BEGIN

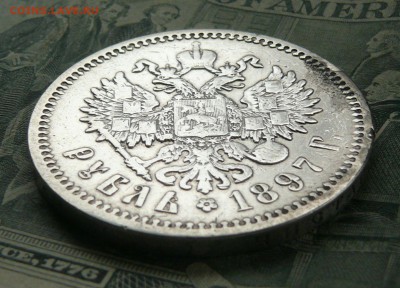 1 рубль 1897 аг - подлинность - 6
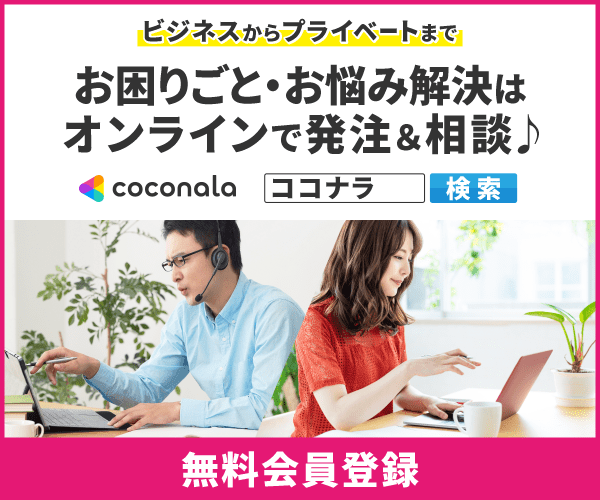 コピー代を経費に計上するときの勘定科目とは？仕訳方法の例とともに解説！ – タックスナップメディア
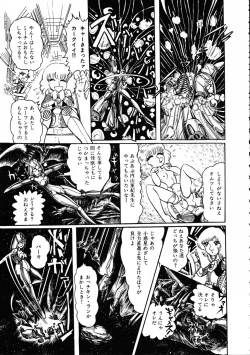 Page 148 of Gekisatsu! Uchuuken 3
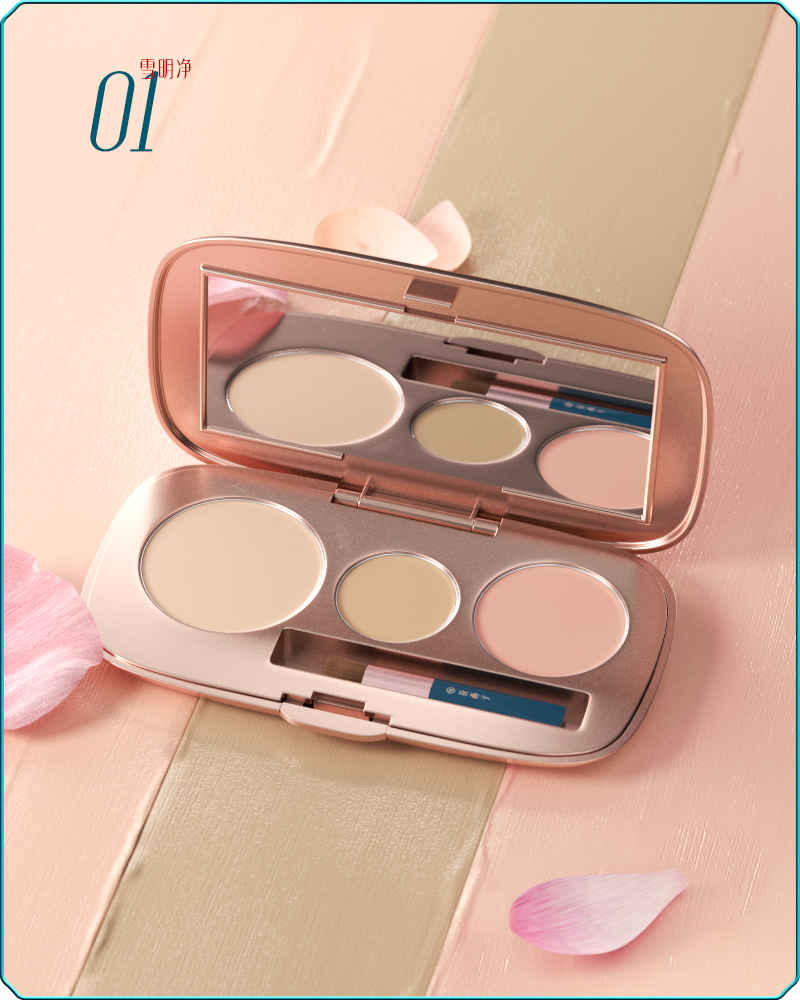 Florasis-Smooth Tricolor Concealer-01 Snow: light skin-sku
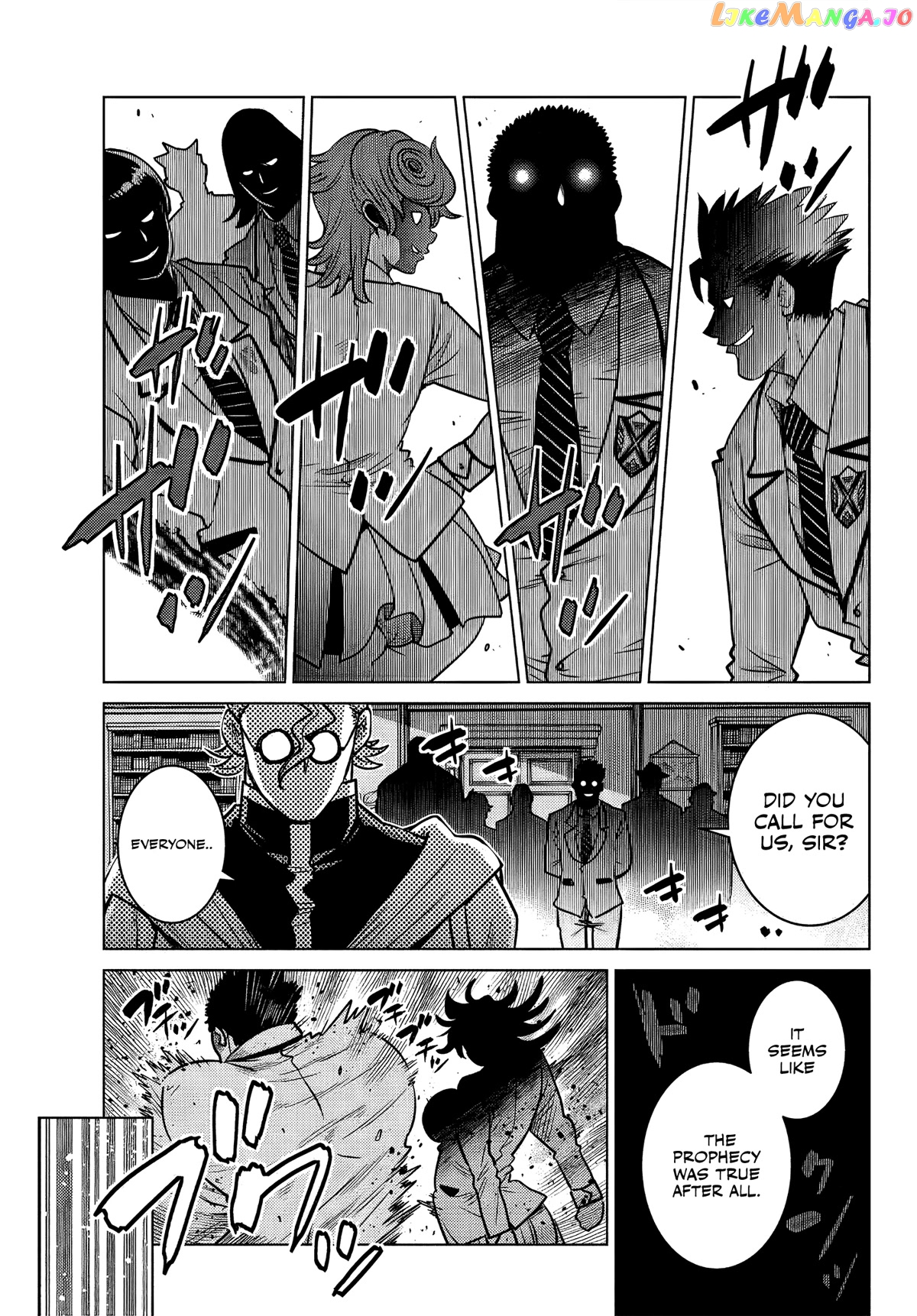 The Fallen Brother Is Actually The Strongest The Strongest Hero In History Is Reincarnated And Unknowingly Unmatched At The School chapter 6 - page 48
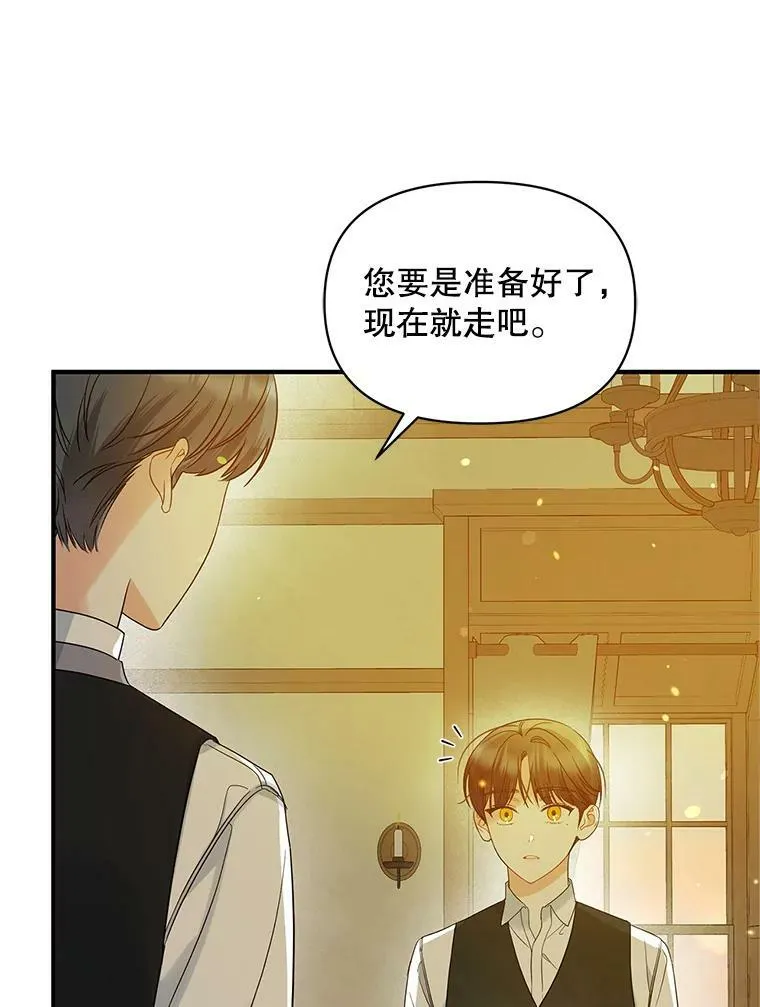 16.危机解除 第102页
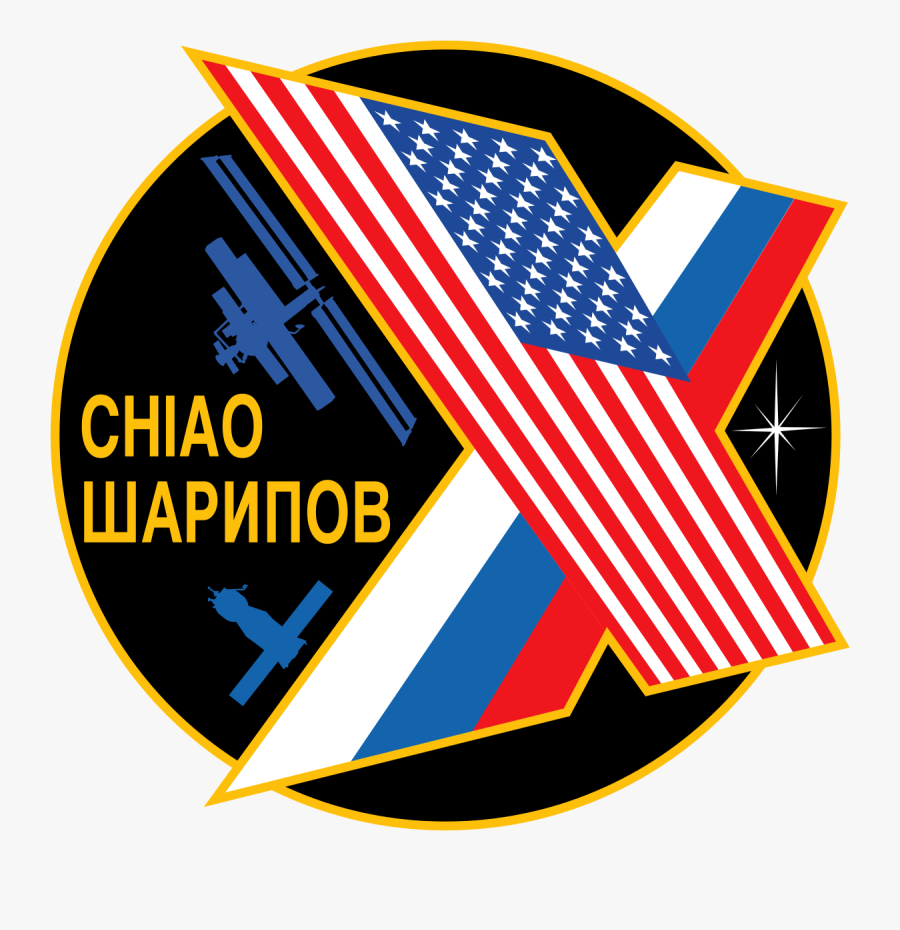 Allstate Sugar Bowl, Transparent Clipart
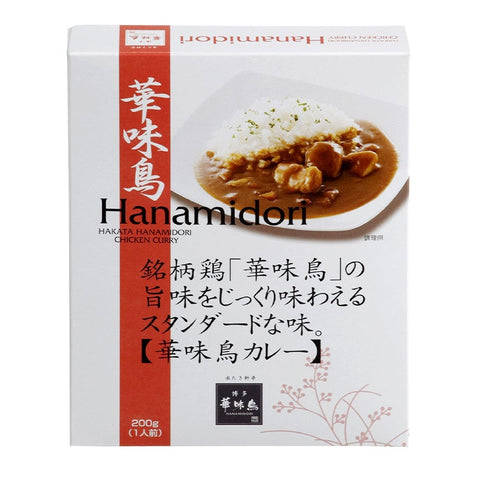 [6食セット]博多華味鳥 華味鳥カレー 200g×6袋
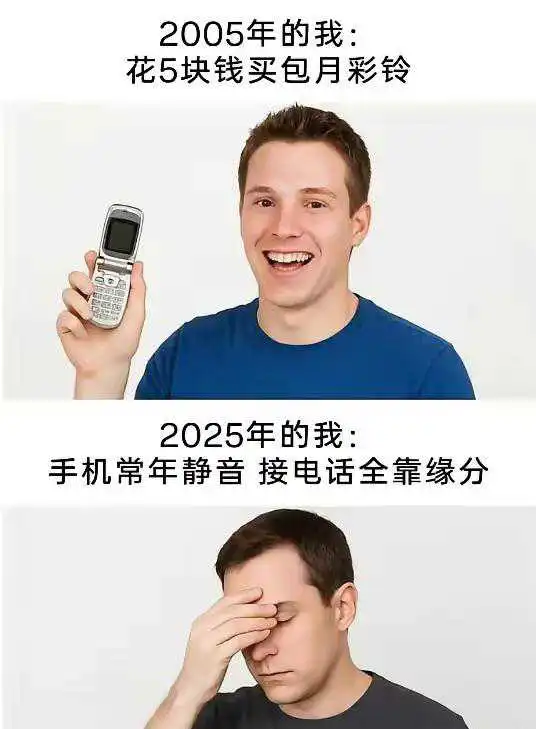 你们是不是也这样？我就是这样
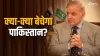 Shahbaz Sharif- India TV Hindi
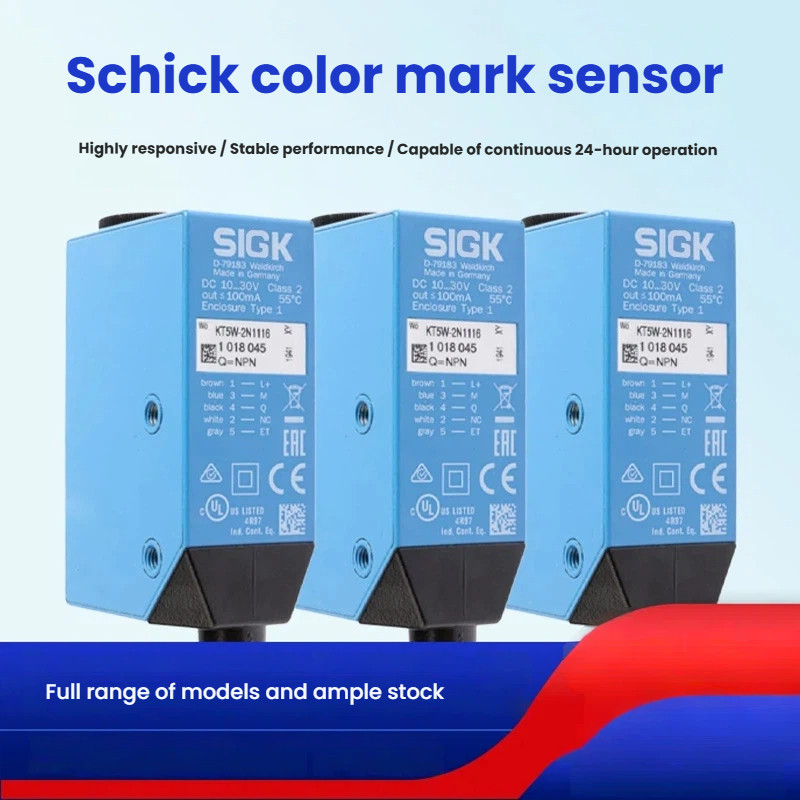 SIGK เซ็นเซอร์สี KT5W-2N1116 KT5W-2P1116 KT5G-2N1111S16 /2P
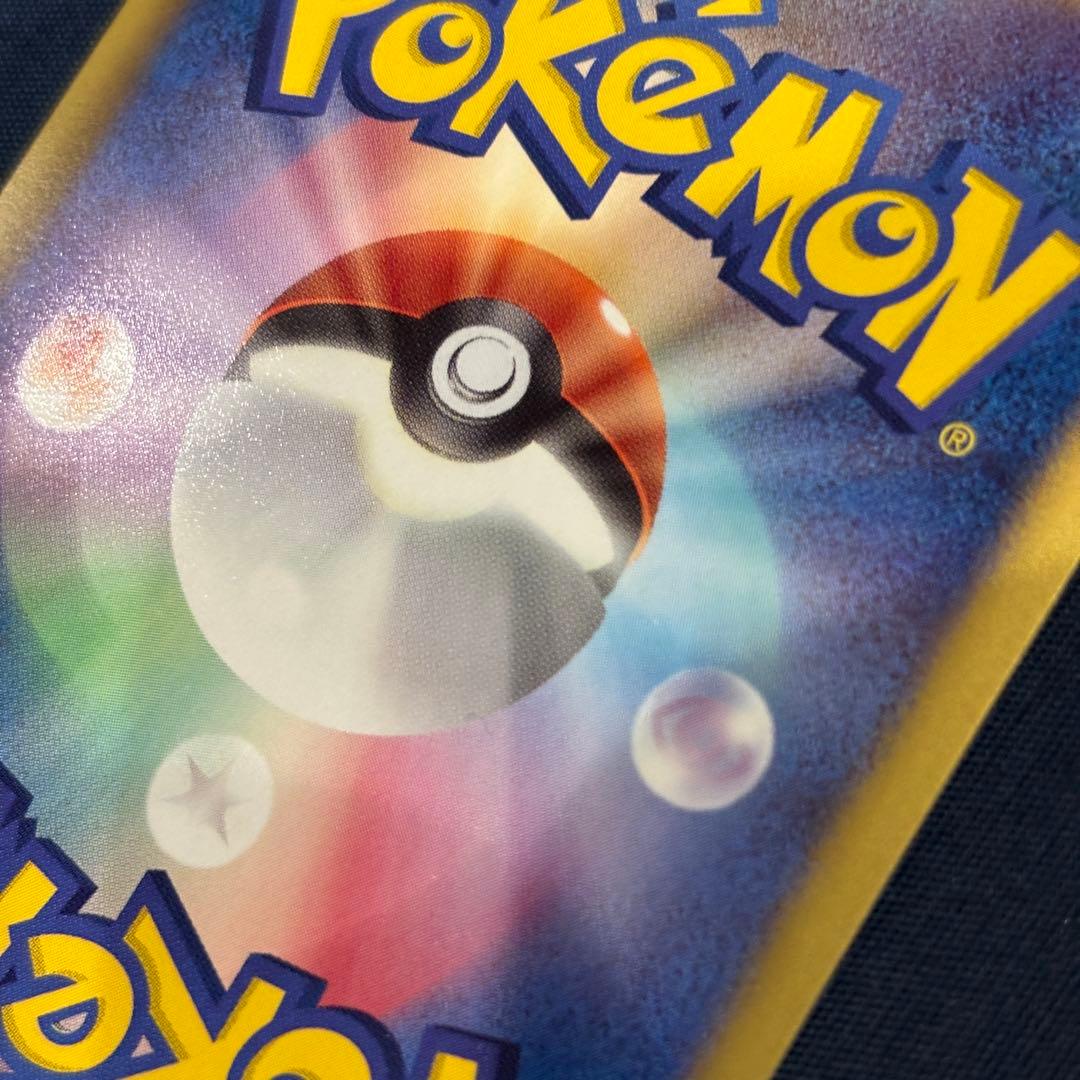 ポケモンカード　ビクティニ　ミラー　EBB 015/093 1ED 1枚　レア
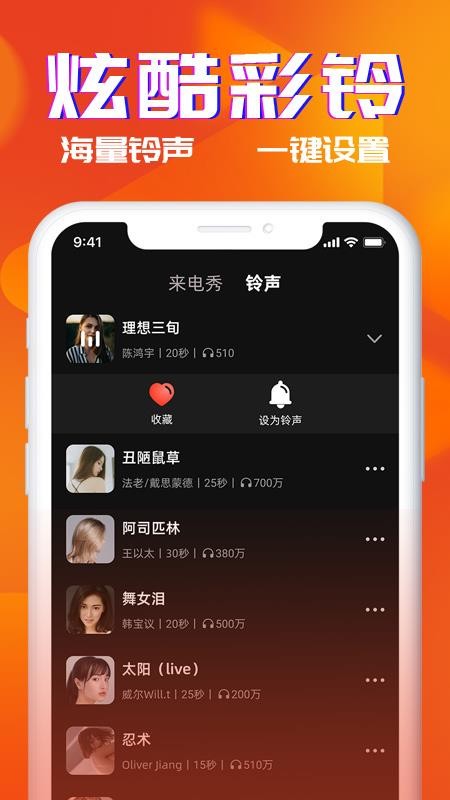 多米铃声最新版(2)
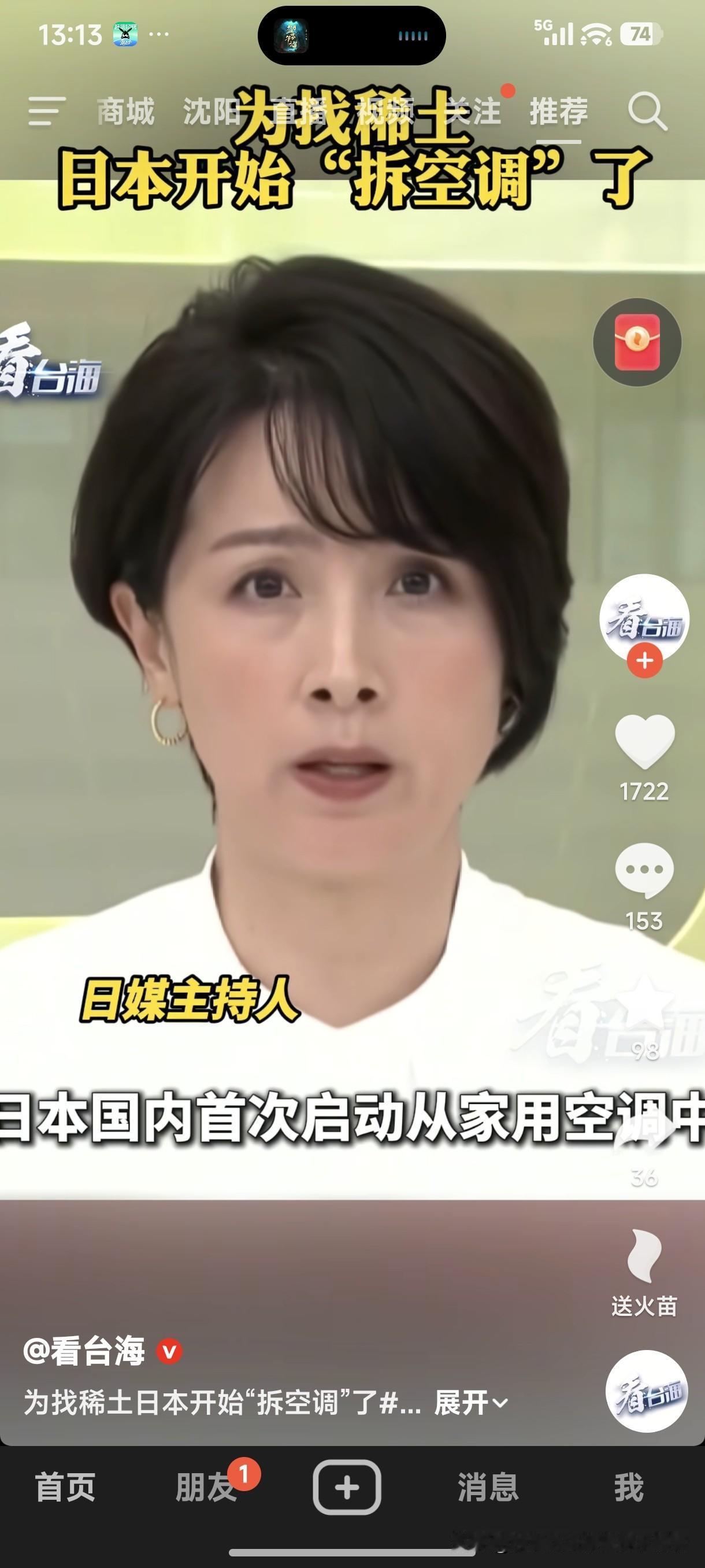 被大国断了“稀土”之后的日本，为了寻找稀土可谓是用尽了脑子，想尽了办法呀！
刚开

END

**WHAT THE TASK ASKS**.
Where the line holding "ポケモンカード　ビクティニ　ミラー　EBB 015/093 1ED 1枚　レア" appears, start copying, and continue exactly through the last line of the listing, both ends included, skipping the pictures.

**EXERCISE SOLUTION**.
 ポケモンカード　ビクティニ　ミラー　EBB 015/093 1ED 1枚　レア
 多米铃声最新版(2)
 被大国断了“稀土”之后的日本，为了寻找稀土可谓是用尽了脑子，想尽了办法呀！
刚开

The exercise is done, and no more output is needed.